Your response should consist solely of the lines from the one containing "Bagheera, the Black Panther" through the final line of the entries, repeated exactly.
[[ EXTRACTED RECORDS open ]]
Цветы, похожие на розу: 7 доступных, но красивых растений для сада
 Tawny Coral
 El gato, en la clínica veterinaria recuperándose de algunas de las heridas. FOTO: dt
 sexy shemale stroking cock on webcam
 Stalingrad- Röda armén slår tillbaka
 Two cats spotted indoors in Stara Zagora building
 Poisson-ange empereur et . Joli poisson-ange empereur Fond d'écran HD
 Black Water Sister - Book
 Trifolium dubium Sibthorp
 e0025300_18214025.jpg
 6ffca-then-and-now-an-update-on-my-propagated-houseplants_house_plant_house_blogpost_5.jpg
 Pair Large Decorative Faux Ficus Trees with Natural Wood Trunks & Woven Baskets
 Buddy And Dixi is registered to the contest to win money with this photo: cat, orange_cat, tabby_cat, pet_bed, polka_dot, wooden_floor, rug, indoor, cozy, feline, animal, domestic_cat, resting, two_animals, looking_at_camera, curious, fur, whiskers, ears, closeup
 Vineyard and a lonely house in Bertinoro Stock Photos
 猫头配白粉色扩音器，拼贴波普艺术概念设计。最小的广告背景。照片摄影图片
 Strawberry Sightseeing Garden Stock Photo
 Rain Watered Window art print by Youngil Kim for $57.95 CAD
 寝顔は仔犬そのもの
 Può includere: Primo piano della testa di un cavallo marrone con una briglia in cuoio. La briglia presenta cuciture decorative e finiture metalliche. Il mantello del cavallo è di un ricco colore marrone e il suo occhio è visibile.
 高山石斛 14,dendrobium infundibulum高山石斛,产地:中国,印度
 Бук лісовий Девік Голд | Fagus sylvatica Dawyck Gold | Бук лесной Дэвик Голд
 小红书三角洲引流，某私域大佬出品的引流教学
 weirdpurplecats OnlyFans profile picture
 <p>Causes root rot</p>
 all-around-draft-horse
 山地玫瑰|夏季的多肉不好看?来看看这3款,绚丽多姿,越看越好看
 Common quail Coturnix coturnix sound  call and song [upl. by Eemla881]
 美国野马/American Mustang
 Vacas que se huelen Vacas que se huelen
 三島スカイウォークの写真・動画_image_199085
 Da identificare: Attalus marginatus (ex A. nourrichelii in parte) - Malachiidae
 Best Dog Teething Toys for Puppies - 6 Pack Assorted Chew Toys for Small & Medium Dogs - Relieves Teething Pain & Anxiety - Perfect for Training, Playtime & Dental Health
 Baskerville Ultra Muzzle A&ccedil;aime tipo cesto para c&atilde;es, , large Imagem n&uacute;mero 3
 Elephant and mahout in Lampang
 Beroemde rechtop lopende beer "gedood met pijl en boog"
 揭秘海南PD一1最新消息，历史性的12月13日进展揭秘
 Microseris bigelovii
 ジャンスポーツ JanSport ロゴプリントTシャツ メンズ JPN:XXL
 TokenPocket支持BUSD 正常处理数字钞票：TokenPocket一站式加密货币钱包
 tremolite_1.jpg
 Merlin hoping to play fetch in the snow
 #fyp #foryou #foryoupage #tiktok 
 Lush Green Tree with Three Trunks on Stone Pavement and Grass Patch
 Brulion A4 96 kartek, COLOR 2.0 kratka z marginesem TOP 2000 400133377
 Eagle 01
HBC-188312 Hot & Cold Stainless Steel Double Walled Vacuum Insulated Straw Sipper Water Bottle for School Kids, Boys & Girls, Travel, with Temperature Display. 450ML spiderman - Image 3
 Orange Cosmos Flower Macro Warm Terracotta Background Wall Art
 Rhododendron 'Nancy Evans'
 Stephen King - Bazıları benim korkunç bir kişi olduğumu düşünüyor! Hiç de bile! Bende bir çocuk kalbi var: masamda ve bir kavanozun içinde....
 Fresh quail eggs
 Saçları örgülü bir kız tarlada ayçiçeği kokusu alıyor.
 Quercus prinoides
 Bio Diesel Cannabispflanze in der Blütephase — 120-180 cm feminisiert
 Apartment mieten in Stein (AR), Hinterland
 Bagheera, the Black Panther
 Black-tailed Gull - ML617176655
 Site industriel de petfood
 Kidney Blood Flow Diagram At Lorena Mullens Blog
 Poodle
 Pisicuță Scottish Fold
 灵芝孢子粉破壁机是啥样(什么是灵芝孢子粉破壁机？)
[[ EXTRACTED RECORDS closed ]]
## WRITTEN SOLUTION
 Bagheera, the Black Panther
 Black-tailed Gull - ML617176655
 Site industriel de petfood
 Kidney Blood Flow Diagram At Lorena Mullens Blog
 Poodle
 Pisicuță Scottish Fold
 灵芝孢子粉破壁机是啥样(什么是灵芝孢子粉破壁机？)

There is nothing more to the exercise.